In theory, we could remove the checksum from the mnemonic code and recalculate it when parsing the code, which would remove one byte. Since mixing up a word is more unlikely than mixing up a number, this could be a valid consideration. However, I think mixing up the order of words is still pretty likely, so some kind of verification check is still necessary.

Encoding the BAN is the difficult part: Each country has its own BBAN standard, as seen on Wikipedia. It would be nice to have a way to support arbitrary IBAN numbers and convert them to bytes in the most space-efficient way. For this, one probably has to incorporate the country-specific BBAN specification to parse characters and numbers in the correct places (numbers need way fewer bytes than characters).

For German IBANs, it's quite easy: After the checksum, there are 18 numeric characters left to parse. The first 8 are the bank identifier, and the following 10 are the account number. These 18 numbers characters can be interpreted as a 7-byte integer. No ASCII characters, which would increase the byte representation in size. Together with the country code, we arrive at 8 bytes in total.

For comparison, here are some other countries with their IBAN format and required bytes:

CountryIBAN LengthFormat (excluding country code and check digits)Bytes
Germany228 numeric (BLZ), 10 numeric (Account No.)8
France275 numeric, 5 numeric, 11 numeric, 2 numeric11
United Kingdom224 alphanumeric (Sort Code), 6 numeric, 8 numeric11
Spain244 numeric, 4 numeric, 10 numeric, 2 numeric10
Italy271 alphanumeric, 5 numeric, 5 numeric, 12 numeric12
Netherlands184 alphanumeric, 10 numeric8
Belgium163 numeric, 7 numeric, 2 numeric6

Implementation

Most programming languages have libraries that already implement Oren's mnemonic encoder/decoder (e.g., Python or Rust).

So to implement the conversion from some IBAN string to mnemonic code, we would follow these steps:

  1. Split the country code of the IBAN, so that checksum and BBAN remain

  2. Calculate the index of the country code and convert it to a byte

  3. Parse the checksum and BBAN as some big integer and convert it into bytes

  4. Put the country code byte and other bytes together and feed them into the mnemonic encoding library

To implement parsing the mnemonic code into an IBAN, we would just reverse the steps. If we discarded the checksum while encoding, we would have to recalculate it again. I also recommend verifying the IBAN using its built-in checksum mechanism.

Now we can encode and decode IBANs:

I would love to provide the source code of my implementation, but I would have to clean it up first. If you did a proper implementation of this, let me know!

Further Considerations

This is a list of "add-ons" to this idea, which I might extend in the future.

By discarding the IBAN checksum and implementing a custom crc-based checksum, one could reduce the storage footprint of the checksum.
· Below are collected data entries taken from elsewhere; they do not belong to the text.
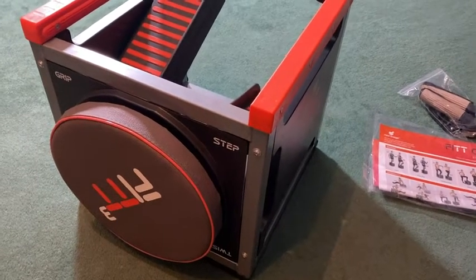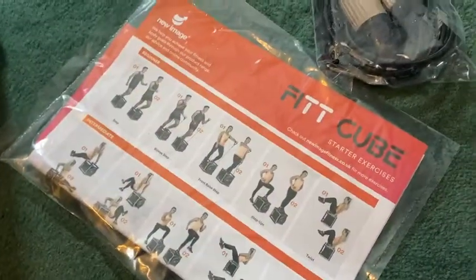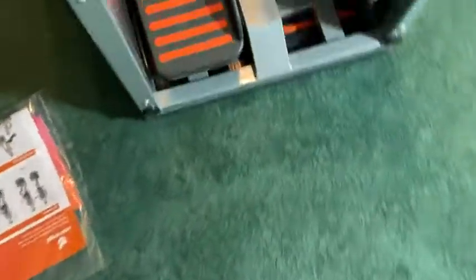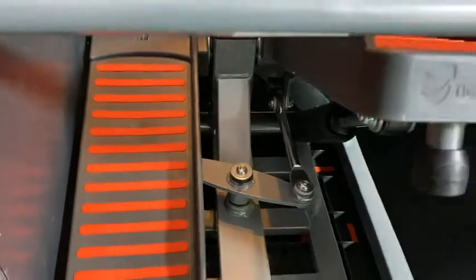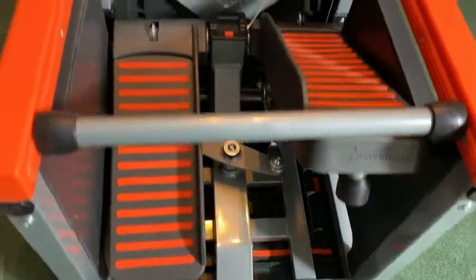So I'm excited — I got my FitCube in. This is what it looks like. It comes with that, there's the handles, and check it out — that's what it looks like on the inside.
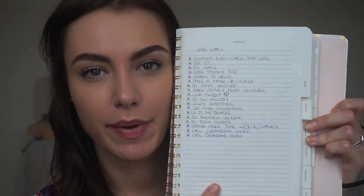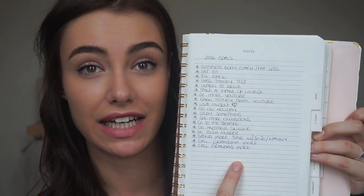This is my Kate Spade 2016 planner diary. It has a notes page in the front where I've written my 2016 goals — things like spending more time with my family, making more of an effort to call my grandparents, and getting out to see more galleries, because a lot of this stuff is free in London and I feel like I should be making the most of it. So this has been helping me plan my life, and it's really pretty — I love the gold.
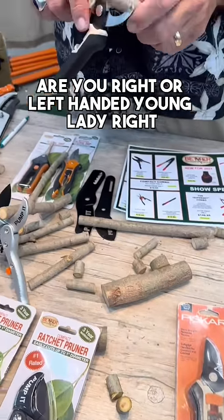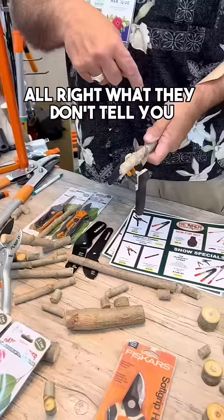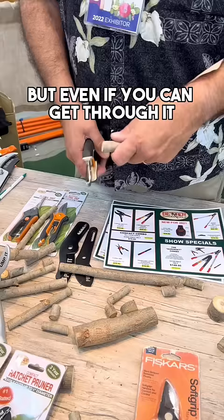Are you right or left-handed, young lady? Right. Give it your best shot. That doesn't look like it's very much fun, is it? No. What they don't tell you is how much hand you need to use. But even if you can get through it, you don't get the world's cleanest of cuts.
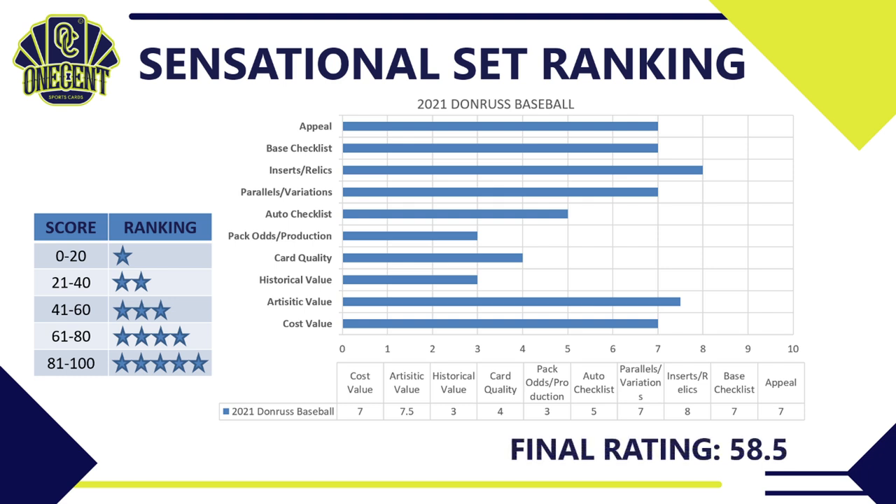Adding up all the scores, 2021 Donruss ends up with a final rating of 58.5 — a very high three-star, almost four-star set, which is exactly what I'd expect from Donruss. If they had logos I think it would get into four-star territory. I love the design this year, the parallels, the Recollection buybacks — which will hold a ton of value — and the innovative inserts. The relic line could use a revamp, but overall it's a very solid set.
It would also be possible to separately encode the checksum in an extra word which is appended to the end. Then the "checksum word" would be optional, and the user could decide whether he wants to remember this additional word.

Conclusion

This was a fun experiment that allowed me to dive deeper into topics that always interested me but never had a use case for. Maybe this idea is actually helpful - if you think so, let me know. I might write a simple web service that allows for an easy conversion. The problem with these things is that they are useless until not everybody (or some big banks) is adapting this. It would be really awesome if, in the future, I could just enter some words into my banking app to send my money to someone. However, there are probably also some security considerations I haven't thought of.